The center was forced to close when war broke out. Now, cut off from the group, Kravchenko has had to find different ways to communicate with other mothers. Some of them have a Viber group chat, where they urgently exchange messages and updates from around Ukraine. One day, Kravchenko received news that a woman and her son who had cerebral palsy were caught in an explosion. The son was badly wounded. His mother had to watch him die for two days, unable to reach help.
The situation is clearly taking its toll on Kravchenko, but she hasn’t stopped trying to help in whatever way she can. The VGO Coalition has so far received €20,000 ($22,000) in donations from Inclusion Europe, an international NGO supporting people with intellectual disabilities. Many of the mothers live in rural areas, and don’t have cell phones or bank cards. Yet, word has still spread through the network, and the coalition has distributed the cash through relatives and neighbors.
The VGO Coalition, like Fight For Right, is driven by the same community of people who it is trying to support. Katarzyna Bierzanowska, a Polish activist who is helping Fight For Right secure accessible accommodation for disabled refugees in Poland, worries that the burden to help others falls disproportionately on disabled volunteers. “We do not need exhausted heroes,” she says. “We need ready volunteers.”

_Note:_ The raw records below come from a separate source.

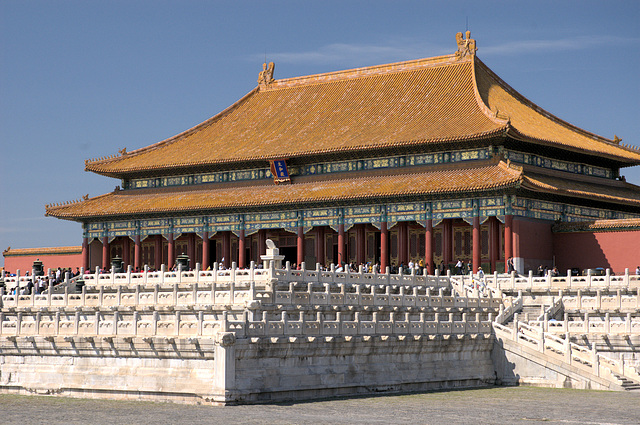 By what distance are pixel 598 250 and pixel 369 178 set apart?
1330cm

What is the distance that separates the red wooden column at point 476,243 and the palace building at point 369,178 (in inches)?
2.9

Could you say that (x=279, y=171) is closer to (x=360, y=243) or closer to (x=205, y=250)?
(x=205, y=250)

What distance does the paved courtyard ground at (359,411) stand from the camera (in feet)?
89.4

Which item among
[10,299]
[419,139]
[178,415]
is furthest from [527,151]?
[178,415]

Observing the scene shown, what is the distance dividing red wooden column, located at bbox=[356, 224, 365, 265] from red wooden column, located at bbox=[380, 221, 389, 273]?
203 cm

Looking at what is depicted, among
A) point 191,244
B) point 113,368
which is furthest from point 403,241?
point 113,368

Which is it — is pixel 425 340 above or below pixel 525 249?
below

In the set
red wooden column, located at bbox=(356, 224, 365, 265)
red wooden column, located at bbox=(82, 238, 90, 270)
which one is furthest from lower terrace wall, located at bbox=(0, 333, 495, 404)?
red wooden column, located at bbox=(82, 238, 90, 270)

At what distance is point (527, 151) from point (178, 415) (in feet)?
113

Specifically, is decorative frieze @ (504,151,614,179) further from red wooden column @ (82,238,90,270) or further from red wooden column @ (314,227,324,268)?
red wooden column @ (82,238,90,270)

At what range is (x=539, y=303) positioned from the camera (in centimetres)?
4425

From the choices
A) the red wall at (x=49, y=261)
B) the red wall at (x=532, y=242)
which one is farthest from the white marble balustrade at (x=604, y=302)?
the red wall at (x=49, y=261)

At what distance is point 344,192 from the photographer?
59375 millimetres

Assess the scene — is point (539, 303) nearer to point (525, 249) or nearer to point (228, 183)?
point (525, 249) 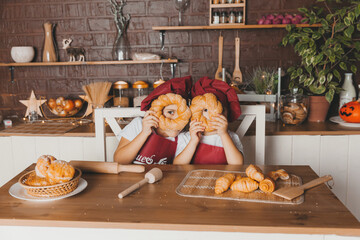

Despite having medical and psychological needs themselves, many disabled volunteers feel they can do the work better than anyone else. “We know how to talk to people, how to make them more confident because we have the same experience,” Sachuk says. Herasymova agrees that the ability to relate to others is vital. “When I say I use a wheelchair and I was evacuated, they think ‘okay if you can, maybe I can do this too.’”
While their colleagues and other disabled people remain in Ukraine, the disabled evacuees will continue to help from afar. They still struggle to process the reality of the situation.
“We continue to live there. Physically we’re here, but our thoughts and minds are in Ukraine,” Sachuk says. Although she managed to escape with her son, her husband and parents are still living in a war zone.
“Of course, I feel safe,” Nikulin says from Frankfurt. “But happy? I don’t know. Because many people with disabilities are still in Ukraine. I can’t believe that war is in my country in the 21st century. I still can’t imagine it.”
With no idea of if or when they will ever be able to return, Sachuk and Herasymova are finding comfort within their disability network abroad, which is stronger now than it ever has been before. “I have worked in this area for many years,” Sachuk says, “but I have never seen such unity and solidarity among the disabled community.”